By default invoking either of `pkg install` or `pkg upgrade` will cause repository catalogues to be updated automatically, unless disabled by setting REPO_AUTOUPDATE to false in pkg.conf(5).

I wondered if anyone uses pkg with the REPO_AUTOUPDATE option set to false and for what reason.
If you use pkg with that option disabled, please tell me why.


----------



## Geezer (Feb 16, 2022)

No. Why would you want to set it to false?


----------



## eternal_noob (Feb 16, 2022)

This is a very good question. I smell a feature creep.


----------



## grahamperrin@ (Feb 16, 2022)

Geezer said:


> … Why would you want to set it to false?

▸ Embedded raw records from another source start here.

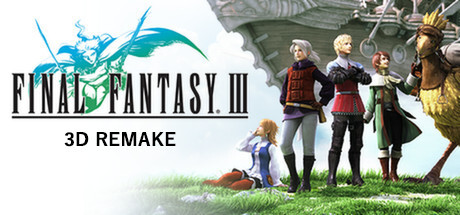 FINAL FANTASY III (3D Remake) PC Free Download Full Version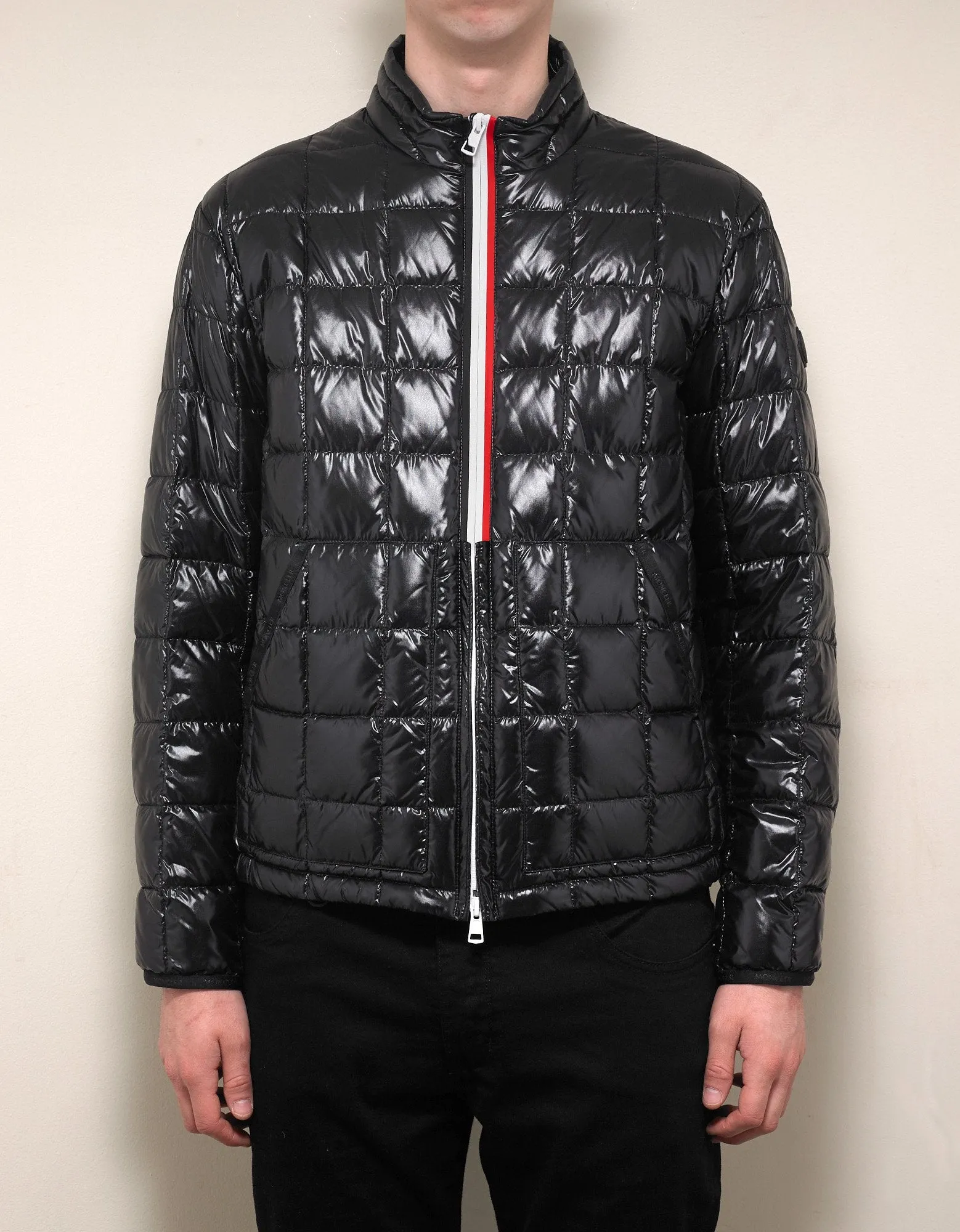 Blanchy Black Down Jacket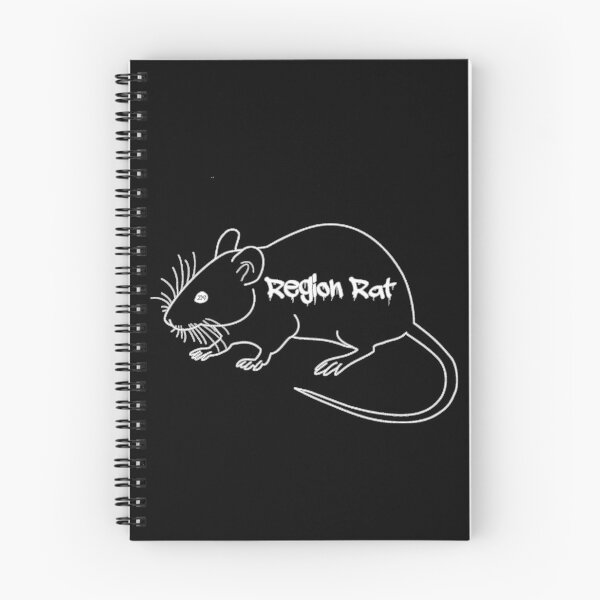 Item preview, Region Rat Northwest Indiana White designed and sold by artbysydsyd.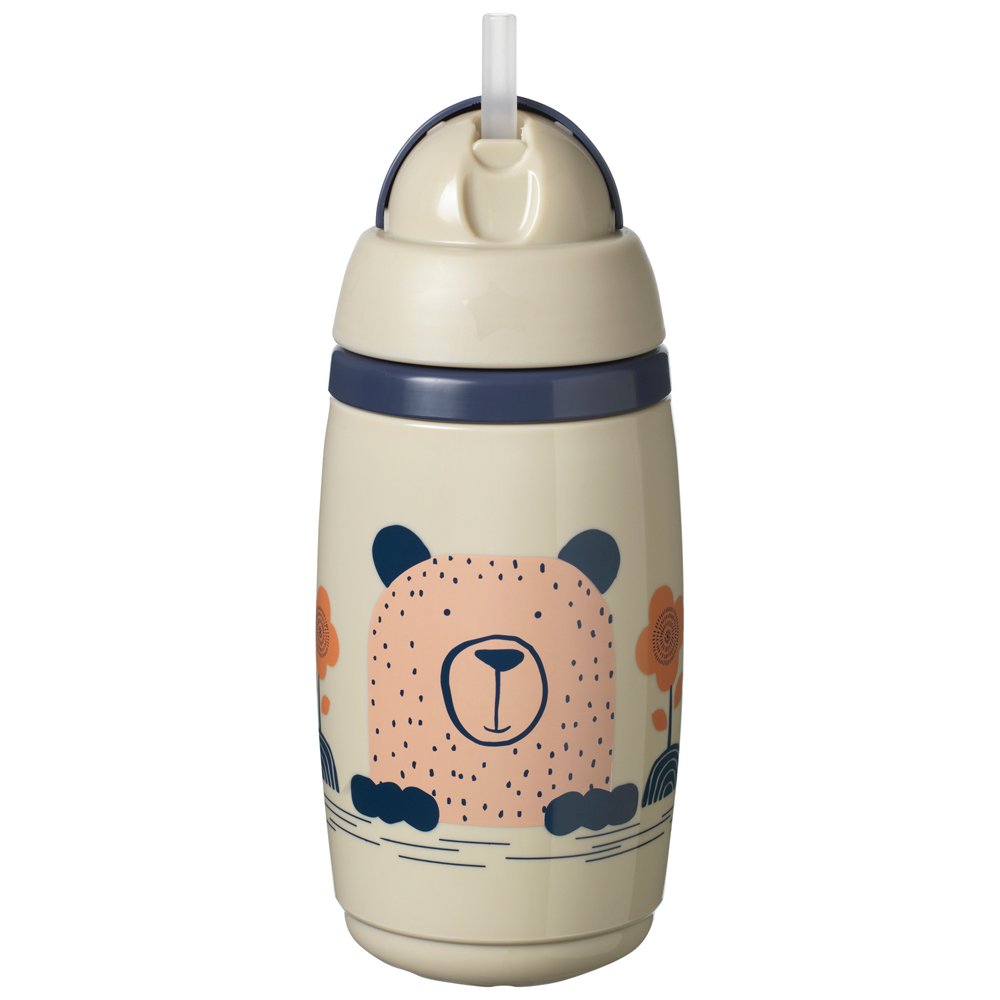 Tommee Tippee Super Star Insulated Straw Cup 266 ml (12m+) Beige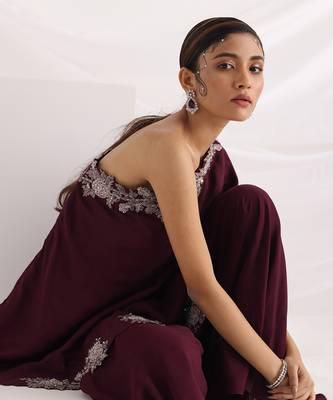Radiant Plum Co-Ord Set 3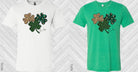 Anchored Grace Boutique Lucky graphic tee featuring a colorful lucky design on soft cotton fabric.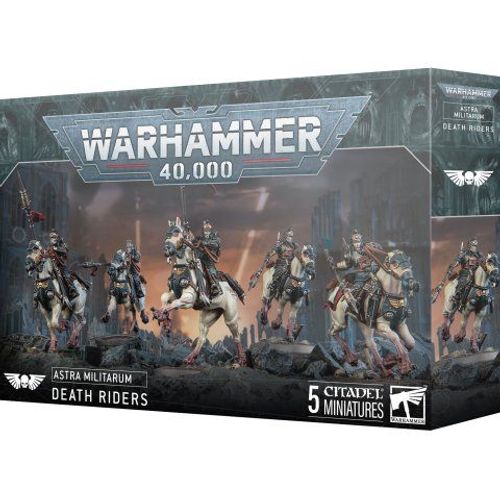Warhammer 40,000 ( 40k ) : Astra Militarum - Death Riders 47-74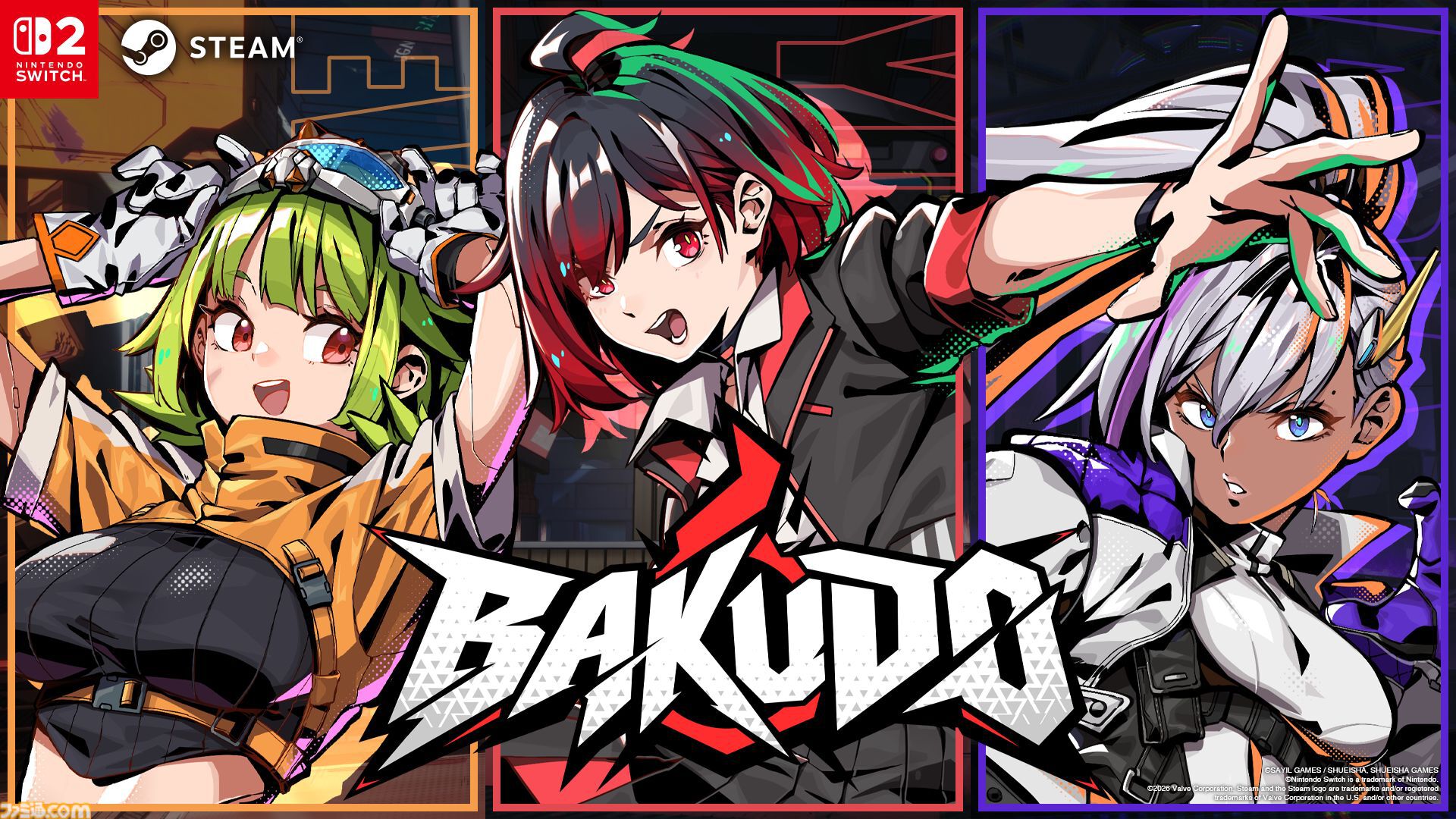 『BAKUDO』集英社ゲームズ新作ボスバトルアクションのSwitch2版が発表。“闘球”で学園の頂点を目指す熱血バトル【インディーワールド】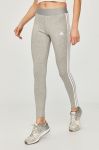 adidas - Легінси колір сірий (1273073)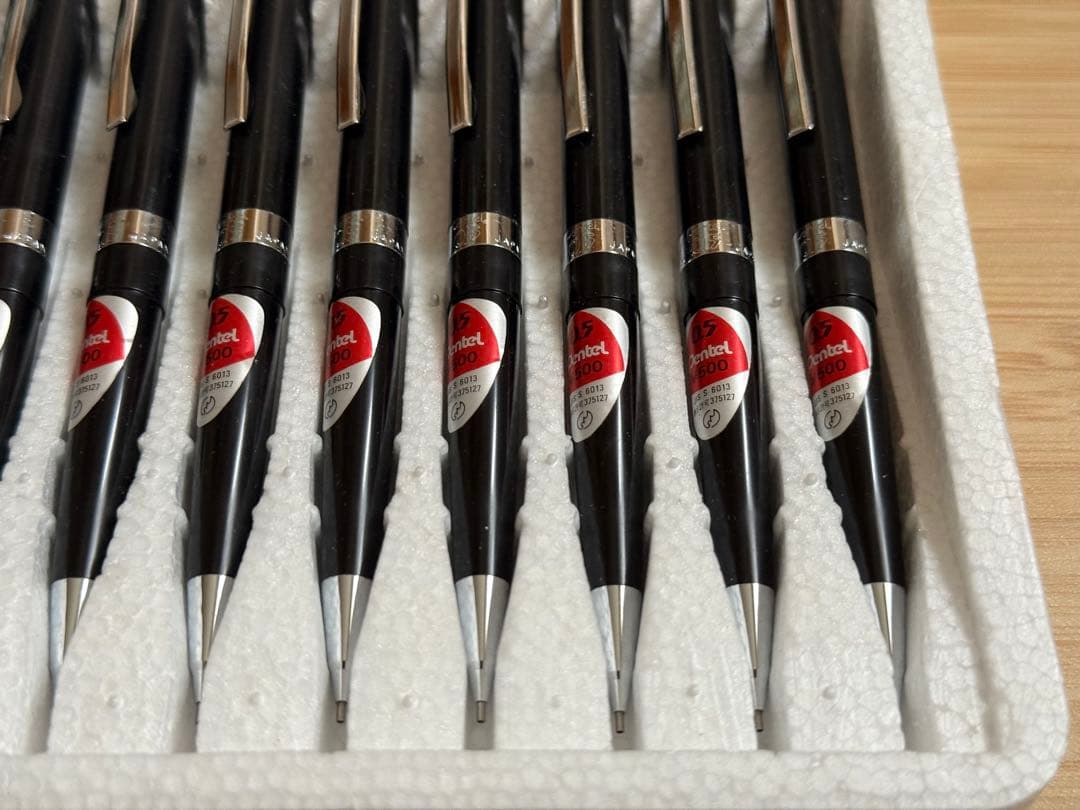 廃番 廃盤 ぺんてる Pentel P555 1ダース 箱付き 完品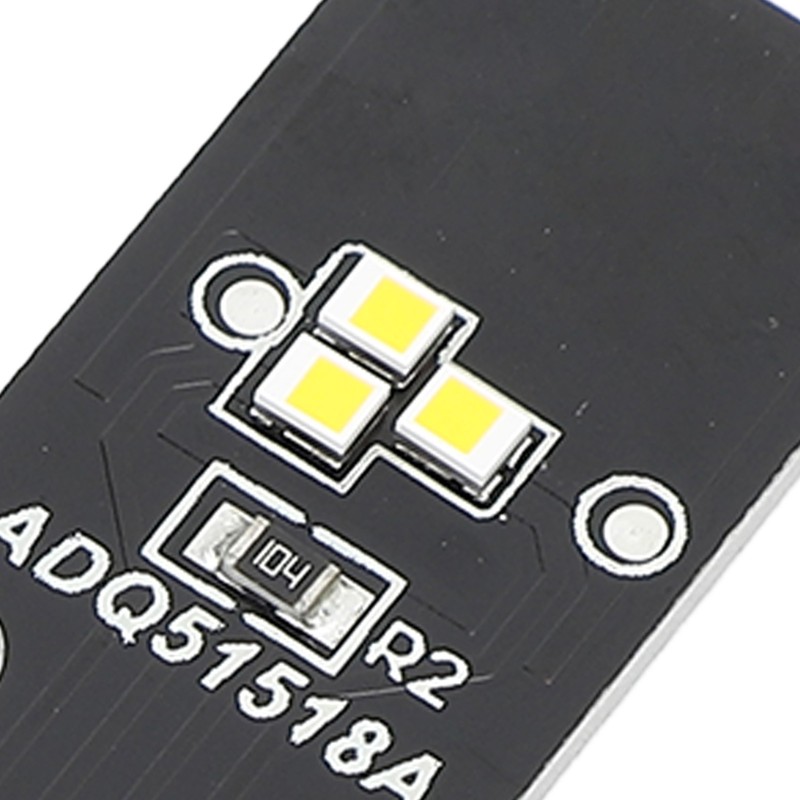 4Pcs CSL Yellow DRL LED Modules 5W Beads 1500AM Stable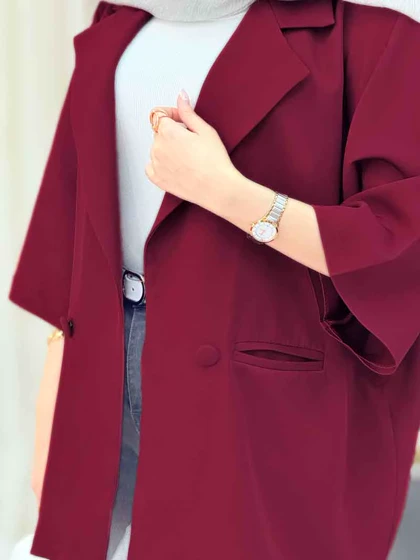 مانتو مازراتی دو دکمه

Two use cases come to mind: 

an Internet connection is impossible, or unwanted
pkg-upgrade(8) in single user mode.
As far as I can tell, the `REPO_AUTOUPDATE` configuration variable originated in relation to pkg-version(8): 









						pkg version · Issue #396 · freebsd/pkg
					

When I issue 'pkg version -R' it does not actually use the remote repository for comparison; instead it uses the local cache of the remote repository, i.e. it checks local.sqlite against re...




					github.com
				




fixed in `pkg-1.1` in 2012.


----------



## Vull (Feb 16, 2022)

I guess I'd say that I do "use" it, but I use it by not changing it. Rather, I just leave it set to true. Obviously that's not what you mean here, so I'll vote "no."


----------



## zirias@ (Feb 16, 2022)

First of all, I wouldn't call something "feature creep" that amounts to just cleanly skipping some code based on a simple boolean flag.

The skipping is necessary anyways to make `pkg` commands dealing with remote repos work as an unprivileged user (without write permission to the local pkg databases).

A possible practical usecase is to avoid unnecessary requests when e.g. using pkg-rquery(8) a lot -- it doesn't make sense to check the remote repo each and every time. Of course, you can also use the commandline flag `-U` for that.


----------



## eternal_noob (Feb 16, 2022)

Vull said:


> I guess I'd say that I do "use" it, but I use it by not changing it.


Good point. Unfortunately, i can't edit the question anymore.


----------



## sko (Feb 16, 2022)

I suspect the main use case is to prevent a repo update upon `pkg search`. I usually forget to use the -U switch with that and then have to wait until the repo is updated, which can be rather annoying on a slow connection, especially if I only wanted to get an idea of what is available for a given keyword and didn't plan on installing anything (yet).


----------



## Geezer (Feb 16, 2022)

eternal_noob said:


> Vull said:
> 
> 
> > I guess I'd say that I do "use" it, but I use it by not changing it. Rather, I just leave it set to true. Obviously that's not what you mean here, so I'll vote "no."
> ...



This is one of those cases where _yes_ means _no_. A bit like talking with the wife, really.


----------



## Erichans (Feb 16, 2022)

Tuning of REPO_AUTOUPDATE maybe appropriate sometimes when used in Jails creation?


----------